Segment Start: Task data

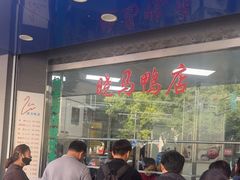 -晓马鸭店(新芜路店)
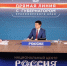 Автор: Александр Черных - Администрация Красноярского края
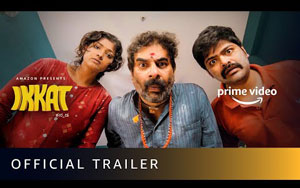 Trailer of Kannada Movie Ikkat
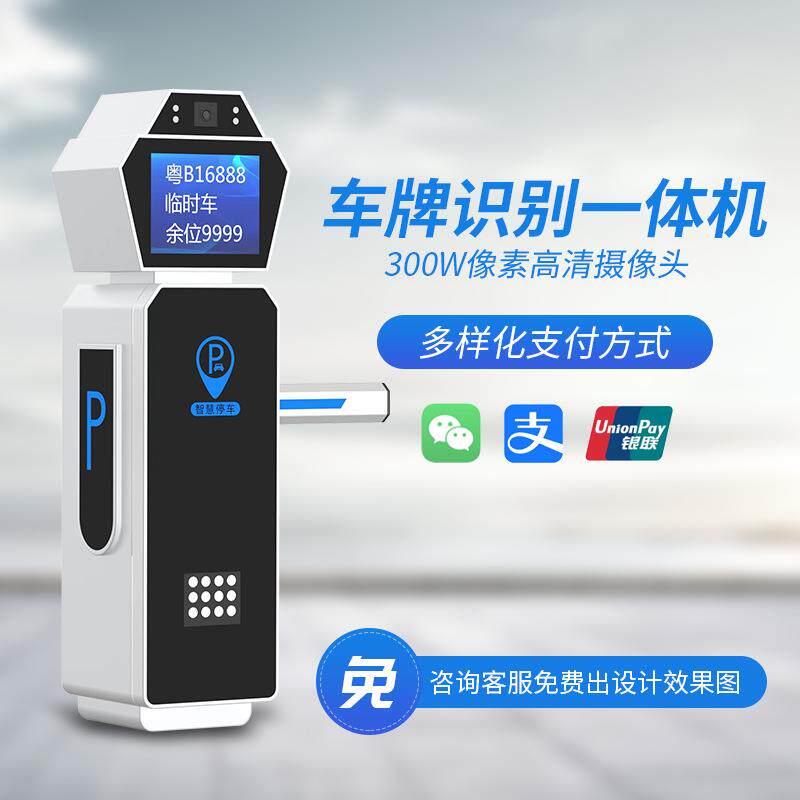 车牌识别一体机停车场车辆收费卷闸门系统道闸栅栏杆小区升降高速
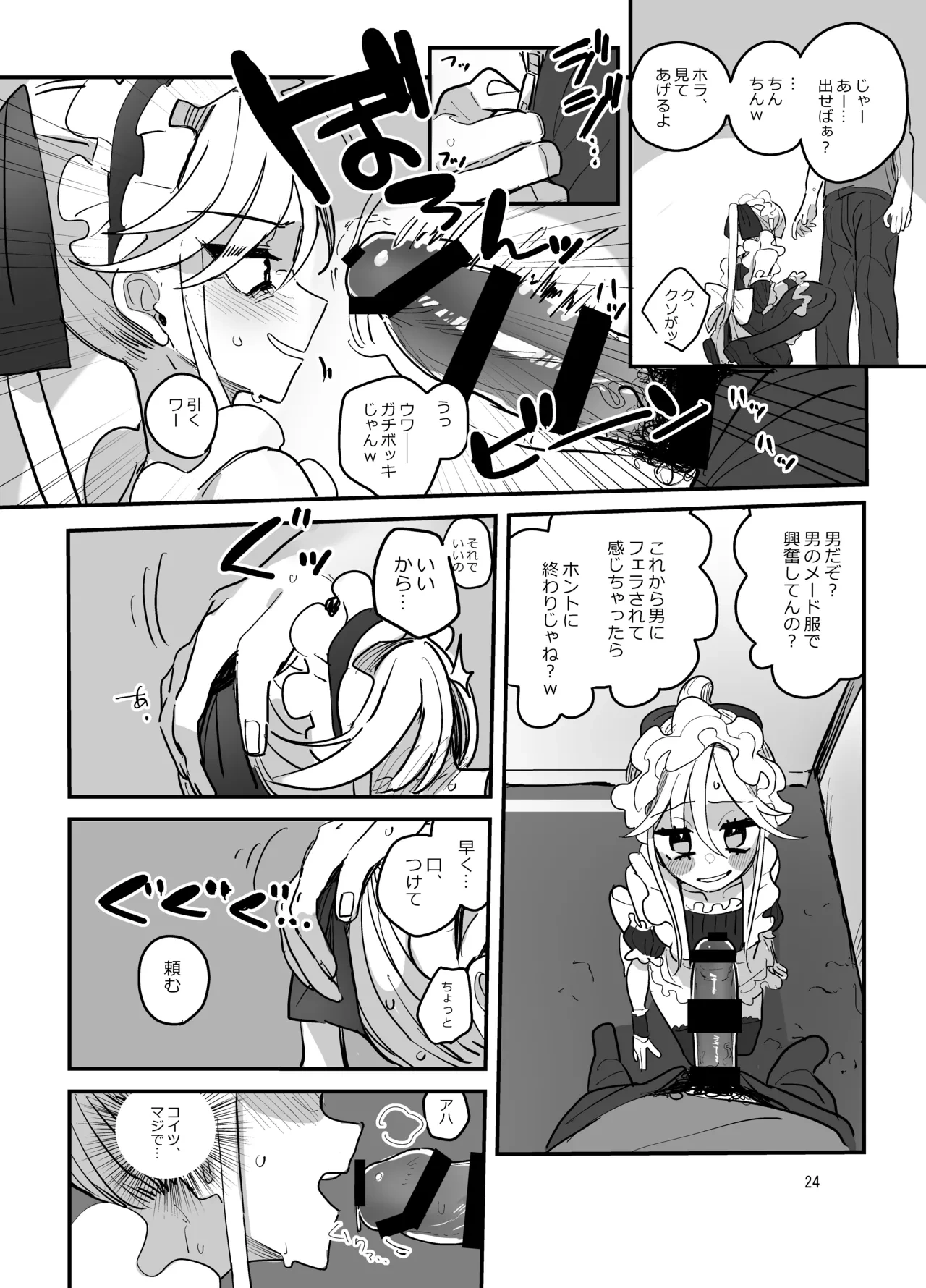 หน้า 23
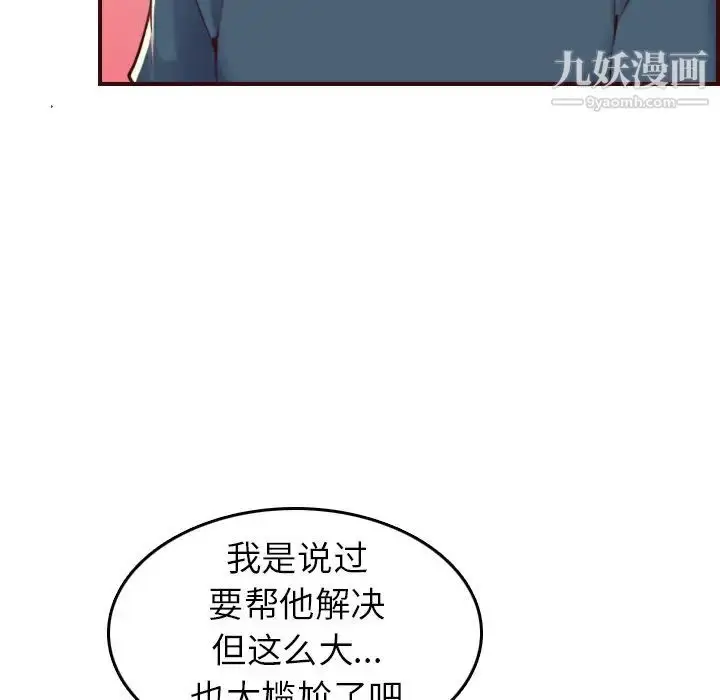 漫画《妈妈是女大学生》第54话第13张图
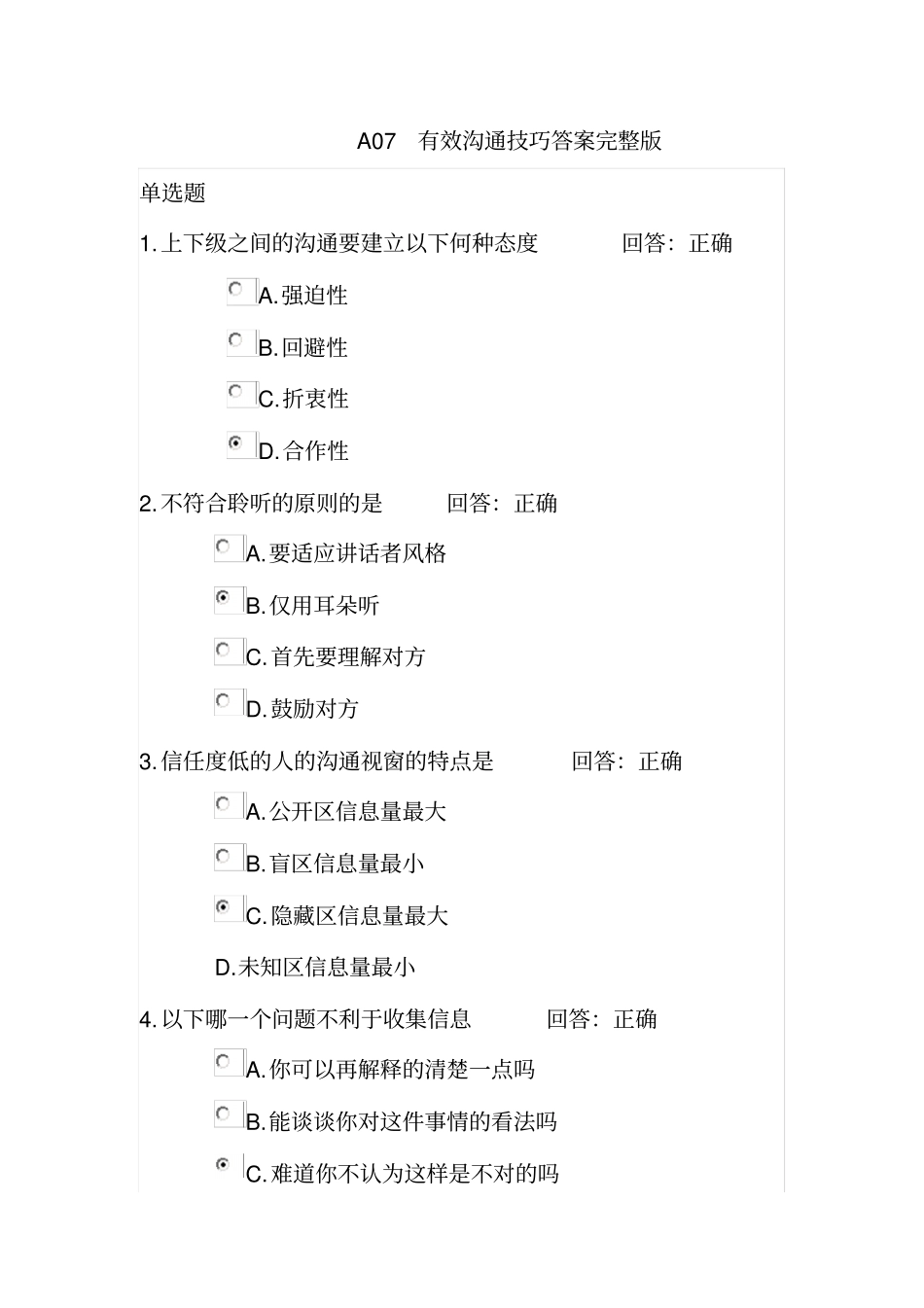 时代光华_有效沟通技巧答案资料_第1页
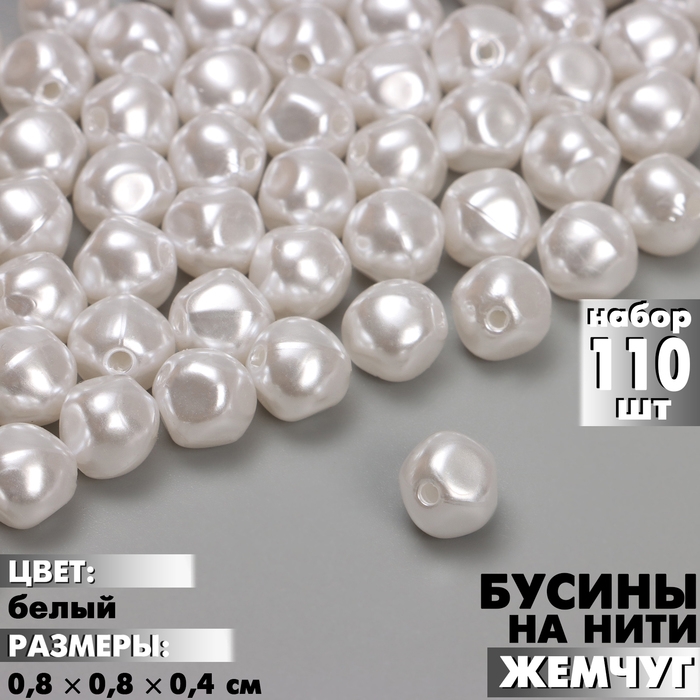 Бусины пластиковые на нити &laquo;Жемчуг&raquo; 0,8&times;0,8&times;0,4 см, (набор 110 шт.), цвет белый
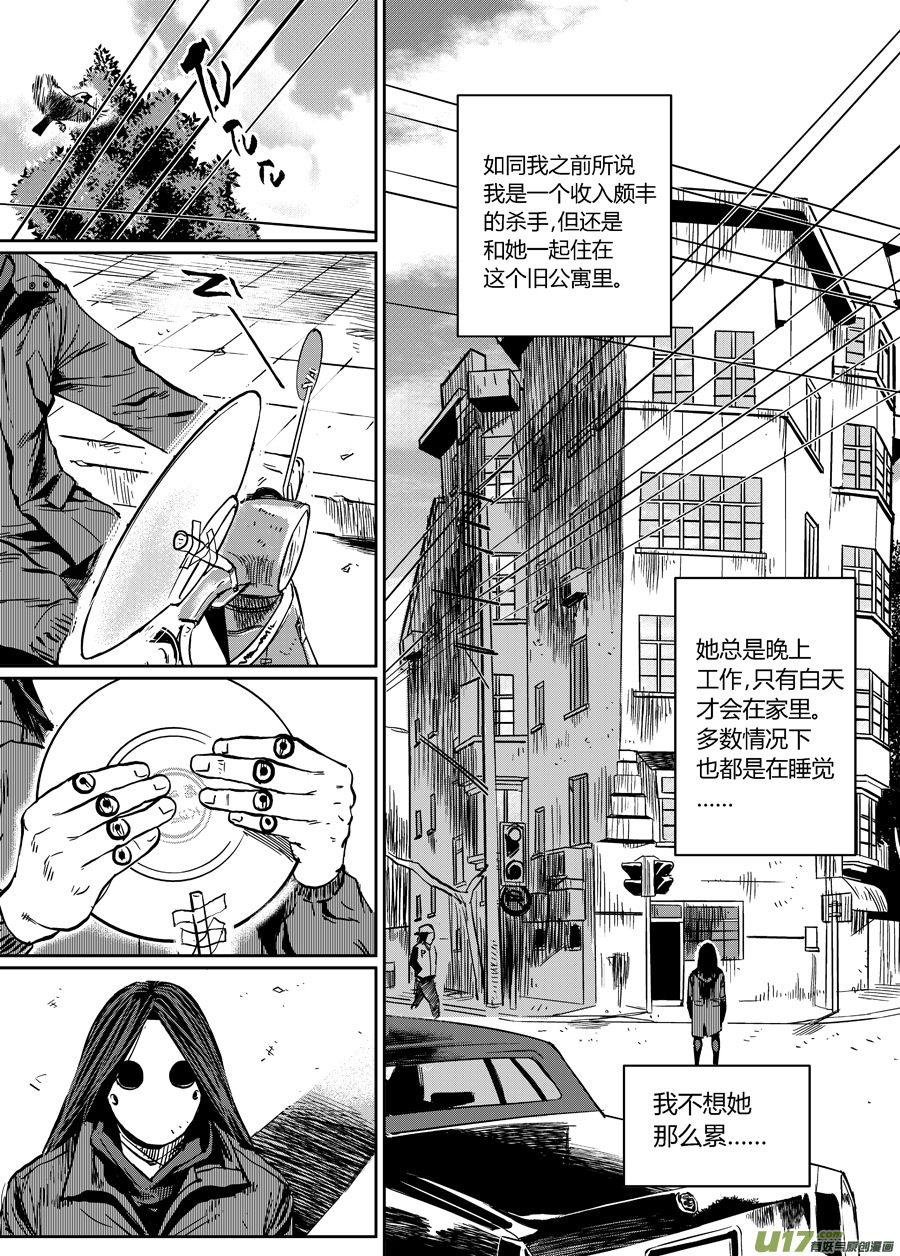 第零话 DOMINO ③-第3话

Segment End: Task data

Exercise objective | The lines from the one containing "漫画《妈妈是女大学生》第54话第13张图" through the last line of the data above are to be transcribed exactly, both included, with all pictures left out.

Response |
 漫画《妈妈是女大学生》第54话第13张图
 时代光华_有效沟通技巧答案资料_第1页
 Бусины пластиковые на нити &laquo;Жемчуг&raquo; 0,8&times;0,8&times;0,4 см, (набор 110 шт.), цвет белый
 第零话 DOMINO ③-第3话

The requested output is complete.